南の湿地帯から先は鬼の棲家とされて、基本的に人は立ち入りません。

「西のラニーニャは、王族の力が強い立憲君主国です。水に恵まれた農業国です。自給率が2倍という、食べるには困らない国ですが、同時に治水が難しく国としての発展が阻害されている面があります。私の様な辺境に飛ばされた皇女には王族交流がないので、どの様な方が来るか分かりません。

「北のベンガラは面積と言う面でだけ言うなら大国です。しかし、帝国・キクスイ・ラニーニャの横並び三国は温暖な気候なのに北と言う事もあってか寒いです。農業が限られているので食糧自給率が低く、ラニーニャとの交易でなんとか維持出来ている国です。産業もこれといって有りませんが、国土が広いので“海"に面しており、その海産物くらいですね。ラニーニャとは川を通じて素早い運搬が出来るので、海のお魚が流通しているのですが、山向こうのでキクスイや帝国には腐っちゃうから回って来ません。

「だから旦那様が海のお魚をご馳走してくださった時はすごおく感激したんですよ。

勿論、王族とか知りません。」


ご飯の事しか解説してない気もしましたが、大体分かりました。

鉱山のキクスイ、水のラニーニャ、海のベンガラですか。


「何考えてんの?」


ん〜。帝国(森)を含めた四か国の国力はそんなに高くはない。

だが、キクスイとベンガラには広大な未開発地があり、ラニーニャには豊富な農資源がある。

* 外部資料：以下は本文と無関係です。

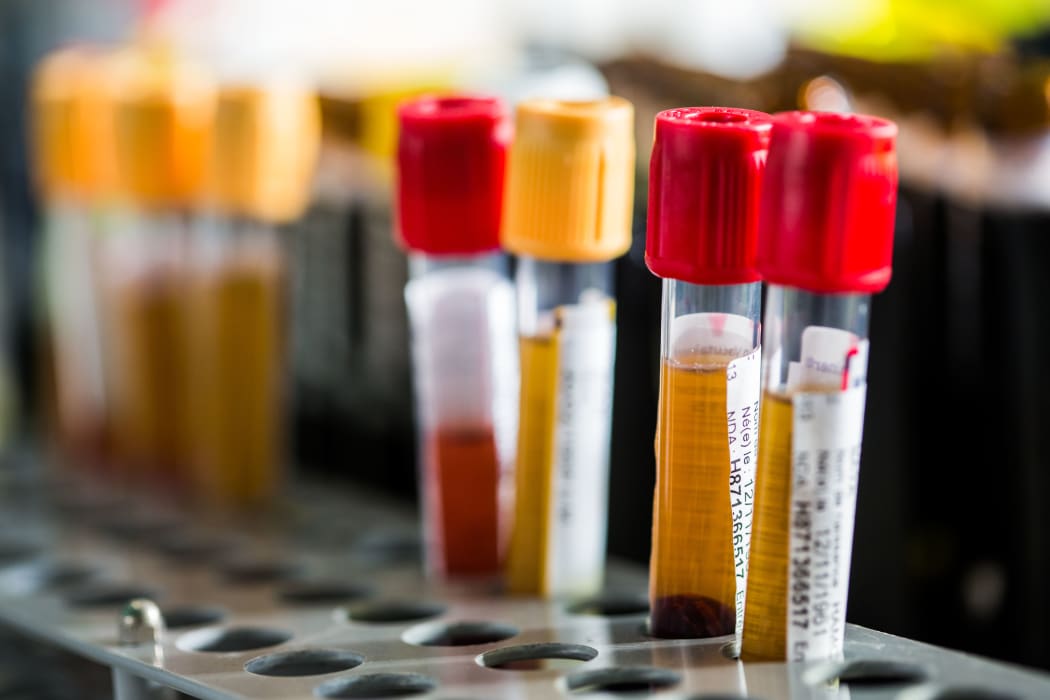 Blood samples with Hepatitis B and C viruses in a hospital in France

これを上手く組み合わせて、更にトンネルや運河の掘削で交通環境を整えれば、それはそれで面白い未来予想図が描ける。 


「(森の精霊としては あまり自然を壊して欲しくないなぁ)」

その為に、私はこの森の保護に力を入れながら開発しているんですよ。

それに、運河一本隧道一本掘ったくらいじゃ、この世界の自然はびくともしませんよ。

って万能さんが言ってます。


「(なら良い でも精霊とメサイヤはいつも見てる)」

そう、その為に君たちは何もしなくていいけど、時々姿を現して欲しいと思ってる。